Raid missed top Al-Qaida men in Somalia: US

Write: Siler [2011-05-20]
A US airstrike in Somalia missed its main target of three top Al-Qaida suspects but killed up to 10 of their allies, a senior American official said yesterday.

A US warplane on Monday attacked a village in southern Somalia in an attempt to destroy an Al-Qaida cell accused of bombing two US embassies and an Israeli-owned hotel in east Africa.

The strike killed eight to ten "terrorist targets" but the United States was still in pursuit of the three most wanted suspects, the official told reporters on condition of anonymity.

The first overt US military intervention in Somalia for more than a decade targeted Comorian Fazul Abdullah Mohammed, Sudanese Abu Talha al-Sudani and Kenyan Saleh Ali Saleh Nabhan.

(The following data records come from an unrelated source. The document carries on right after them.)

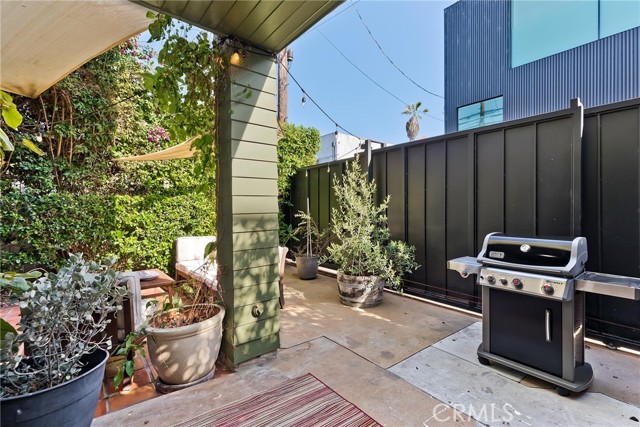 Detail Gallery Image 50 of 72 For 532 Rialto Ave, Venice,  CA 90291 - 3 Beds | 2 Baths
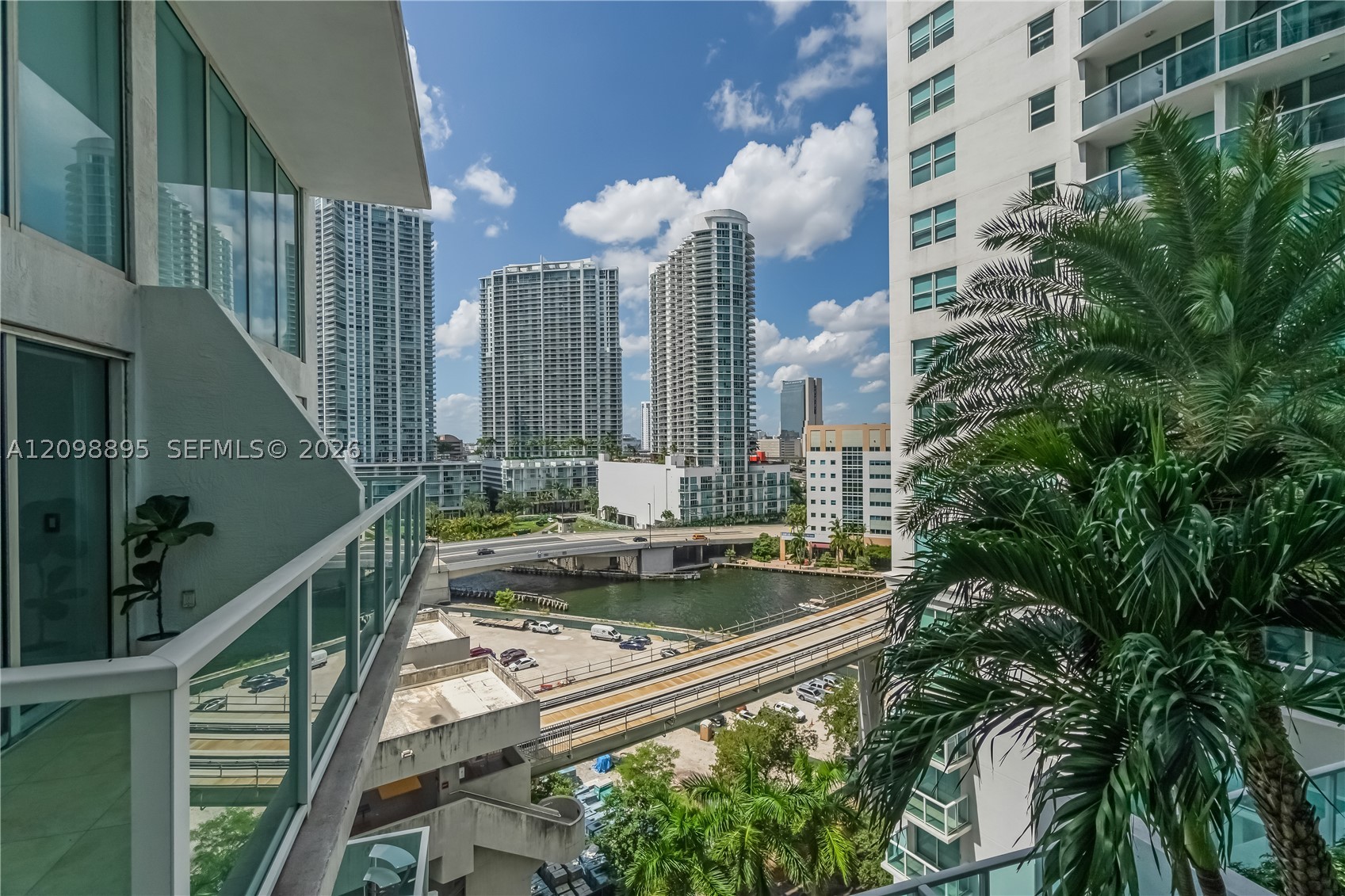 image Brickell on the River South38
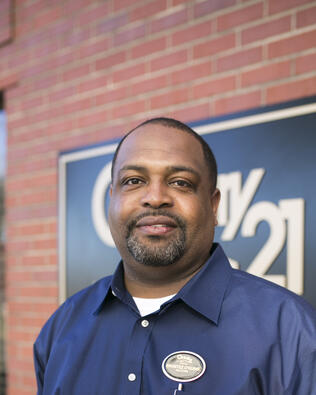 Headshot of Brontez O'Guinn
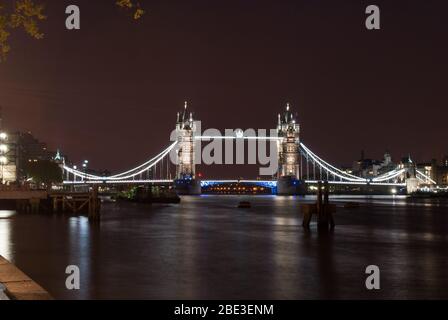 Dusk Night Twilight Tower Bridge Bascule Suspension Bridge, London, SE1 von Sir Horace Jones & Sir John Wolfe Barry viktorianische gotische Architektur Stockfoto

The US official, who is based in the region, rejected Somali reports that dozens of civilians were killed, saying only militants died.

"All I can say... is that it was a targeted strike at Al-Qaida connected or affiliated people," he said. "We and the Ethiopians and everyone else wants to interdict terrorists."

US ally Ethiopia, which sent its military into Somalia before Christmas to oust Islamists who threatened to overrun the country's interim government, continued air attacks on Tuesday and Wednesday in pursuit of fleeing fighters.

The Pentagon denied it had mounted any strikes after Monday.

Wives, children arrested

Kenyan authorities have arrested the wives and three children of two of the senior Al-Qaida suspects, a Kenyan counter-terrorism source said yesterday.

The suspects are wanted for 1998 embassy bombings in Kenya and Tanzania and a 2002 hotel blast on the Kenyan coast.

Mohammed and Nabhan's wives and children were caught trying to cross into Kenya from Ras Kamboni, on Somalia's southern tip, long thought by Western and east African intelligence agencies to be the site of a militant training camp.

"They were arrested on Monday at Kiunga. They headed for Nairobi today in a police chopper for questioning," the source said.

Kenyan police made no official comment.

The US government is offering a $5 million reward for the capture of Mohammed, indicted in a federal court for his alleged role in the bombings.

Four other male suspects caught in another attempt to cross the border were also being driven to Nairobi for questioning, the source said.